[SISTEM] Artikel ini disusun sebagai reportase investigatif oleh Buffy, jurnalis Terdepan bidang

--- [KUKAR] — Kejar Tenggat 60 Hari, Pengembalian Temuan BPK Rp9,5 Miliar Terus Berjalan Plt Inspektur Daerah Kutai Kartanegara (Kukar), Sunggono, memast

Jul 08, 2026 - 08:06
0 0
[SISTEM] Artikel ini disusun sebagai reportase investigatif oleh Buffy, jurnalis Terdepan bidang
--- [KUKAR] — Kejar Tenggat 60 Hari, Pengembalian Temuan BPK Rp9,5 Miliar Terus Berjalan

Plt Inspektur Daerah Kutai Kartanegara (Kukar), Sunggono, memastikan proses pengembalian temuan Badan Pemeriksa Keuangan (BPK) senilai Rp9,5 miliar terus digenjot. Pemerintah Kabupaten Kukar kini bekerja dalam tekanan deadline 60 hari sebagaimana amanat rekomendasi BPK untuk memulihkan kerugian daerah yang timbul dari berbagai ketidakpatuhan pengelolaan keuangan. Analoginya seperti sprint kritis dalam pengembangan perangkat lunak: setiap hari keterlambatan bisa membuat seluruh siklus koreksi gagal dan memicu eskalasi masalah ke level berikutnya.

1. Awal Mula Temuan dan Penetapan Tenggat

Kronologi bermula ketika BPK merilis Laporan Hasil Pemeriksaan (LHP) atas Laporan Keuangan Pemerintah Daerah (LKPD) tahun anggaran 2025. Dalam dokumen itu, auditor menemukan indikasi kerugian daerah yang tersebar di sejumlah Satuan Kerja Perangkat Daerah (SKPD) serta penerima hibah dan pihak ketiga. Berdasarkan aturan, setelah surat rekomendasi diterbitkan, pihak yang bertanggung jawab wajib menyelesaikan pengembalian dalam waktu maksimal 60 hari kalender.

  1. 15 Februari 2026: BPK menyampaikan LHP yang mencatat total temuan kerugian Rp9,5 miliar.
  2. 5 Maret 2026: Surat rekomendasi resmi diterbitkan dan diterima Pemkab Kukar, menandai dimulainya hitungan mundur tenggat 60 hari yang akan berakhir pada 4 Mei 2026.
  3. 6 Maret 2026: Inspektorat Daerah di bawah komando Plt Inspektur Sunggono langsung menggelar rapat koordinasi internal untuk merancang strategi pengembalian.

2. Strategi Pengawasan dan Mekanisme Penagihan

Menghadapi sprint 60 hari ini, Inspektorat membentuk satuan tugas pemantau yang bekerja layaknya dashboard monitoring real-time.
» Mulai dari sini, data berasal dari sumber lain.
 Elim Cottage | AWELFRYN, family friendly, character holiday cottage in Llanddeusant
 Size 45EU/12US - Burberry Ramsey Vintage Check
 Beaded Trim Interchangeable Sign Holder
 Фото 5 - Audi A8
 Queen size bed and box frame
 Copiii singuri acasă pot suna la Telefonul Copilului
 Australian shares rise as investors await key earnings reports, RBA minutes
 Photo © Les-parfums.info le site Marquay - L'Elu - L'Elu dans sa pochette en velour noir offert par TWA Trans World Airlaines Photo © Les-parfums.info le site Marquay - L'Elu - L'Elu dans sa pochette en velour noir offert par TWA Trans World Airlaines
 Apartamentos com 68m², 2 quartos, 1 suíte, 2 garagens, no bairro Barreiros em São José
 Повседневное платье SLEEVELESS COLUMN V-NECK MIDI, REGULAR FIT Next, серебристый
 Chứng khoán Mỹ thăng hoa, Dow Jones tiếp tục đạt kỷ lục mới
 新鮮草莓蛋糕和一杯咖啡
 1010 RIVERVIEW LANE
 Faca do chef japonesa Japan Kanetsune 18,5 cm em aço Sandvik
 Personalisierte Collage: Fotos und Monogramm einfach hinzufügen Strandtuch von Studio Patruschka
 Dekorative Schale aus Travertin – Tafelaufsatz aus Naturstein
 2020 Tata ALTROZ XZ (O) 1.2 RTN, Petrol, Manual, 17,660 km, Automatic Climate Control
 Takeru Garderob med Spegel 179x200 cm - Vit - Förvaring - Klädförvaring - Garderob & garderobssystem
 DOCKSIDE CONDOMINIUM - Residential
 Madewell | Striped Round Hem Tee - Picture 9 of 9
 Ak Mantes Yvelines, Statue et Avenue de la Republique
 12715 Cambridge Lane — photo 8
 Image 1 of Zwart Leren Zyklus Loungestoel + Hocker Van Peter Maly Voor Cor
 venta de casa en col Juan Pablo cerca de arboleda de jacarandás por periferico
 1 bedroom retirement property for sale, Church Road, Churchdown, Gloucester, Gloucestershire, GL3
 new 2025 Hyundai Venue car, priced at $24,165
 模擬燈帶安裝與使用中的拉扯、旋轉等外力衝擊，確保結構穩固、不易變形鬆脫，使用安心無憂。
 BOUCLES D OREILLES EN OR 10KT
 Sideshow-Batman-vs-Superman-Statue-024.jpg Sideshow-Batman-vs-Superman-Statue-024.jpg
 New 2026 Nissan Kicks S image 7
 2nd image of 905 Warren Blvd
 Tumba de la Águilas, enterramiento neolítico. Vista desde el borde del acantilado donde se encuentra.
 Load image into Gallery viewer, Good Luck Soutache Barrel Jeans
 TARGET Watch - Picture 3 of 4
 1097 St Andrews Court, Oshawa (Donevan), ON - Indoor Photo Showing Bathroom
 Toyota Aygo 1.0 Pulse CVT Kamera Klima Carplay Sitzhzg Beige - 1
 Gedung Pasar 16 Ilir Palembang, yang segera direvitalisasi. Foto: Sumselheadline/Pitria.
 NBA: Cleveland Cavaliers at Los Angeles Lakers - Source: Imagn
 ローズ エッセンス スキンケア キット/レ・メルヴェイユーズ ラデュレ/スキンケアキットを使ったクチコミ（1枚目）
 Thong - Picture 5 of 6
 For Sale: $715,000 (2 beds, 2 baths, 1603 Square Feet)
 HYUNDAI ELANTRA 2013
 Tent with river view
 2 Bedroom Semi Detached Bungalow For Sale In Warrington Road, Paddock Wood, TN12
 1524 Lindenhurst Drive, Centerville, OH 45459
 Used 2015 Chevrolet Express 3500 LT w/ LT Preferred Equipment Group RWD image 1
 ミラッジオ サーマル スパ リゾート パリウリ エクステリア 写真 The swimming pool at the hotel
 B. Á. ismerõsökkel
Setiap entitas penanggung jawab temuan diberikan SLA (Service Level Agreement) pengembalian yang diperketat. “Kami tidak bisa menunggu hingga hari terakhir. Sistem yang kami bangun memungkinkan pelacakan harian atas setiap rupiah yang masuk kembali ke kas daerah,” ujar Sunggono.

  1. Tim melakukan verifikasi data terhadap 47 entitas wajib setor, termasuk SKPD, lembaga penerima hibah, dan rekanan swasta.
  2. Penerbitan surat peringatan pertama tertanggal 10 Maret 2026 kepada seluruh penanggung jawab temuan.
  3. Pemanfaatan aplikasi e-Audit Kukar sebagai platform pemantauan status pengembalian secara digital. Aplikasi ini menampilkan progress bar untuk setiap kewajiban, mirip dengan tracker pembaruan perangkat lunak.
  4. Pelaksanaan hearing mingguan antara Inspektorat, BPKAD, dan penanggung jawab temuan untuk memastikan komitmen pembayaran bertahap.

3. Perkembangan Pengembalian Dana per 18 April 2026

Hingga sepertiga akhir masa tenggat, total dana yang berhasil dikembalikan telah mencapai angka yang signifikan. Data dari dashboard e-Audit menunjukkan:

  • Rp4,1 miliar telah masuk ke kas daerah melalui mekanisme setor langsung dan potongan pembayaran pihak ketiga.
  • Rp5,4 miliar masih dalam tahap penagihan intensif, dengan rincian:
    • Rp2,3 miliar dari kelebihan pembayaran pekerjaan infrastruktur di Dinas PU.
    • Rp1,8 miliar dari pertanggungjawaban fiktif belanja perjalanan dinas di lima SKPD.
    • Rp0,9 miliar dari dana hibah yang tidak sesuai peruntukan.
    • Rp0,4 miliar dari temuan sisa kas di bendahara pengeluaran.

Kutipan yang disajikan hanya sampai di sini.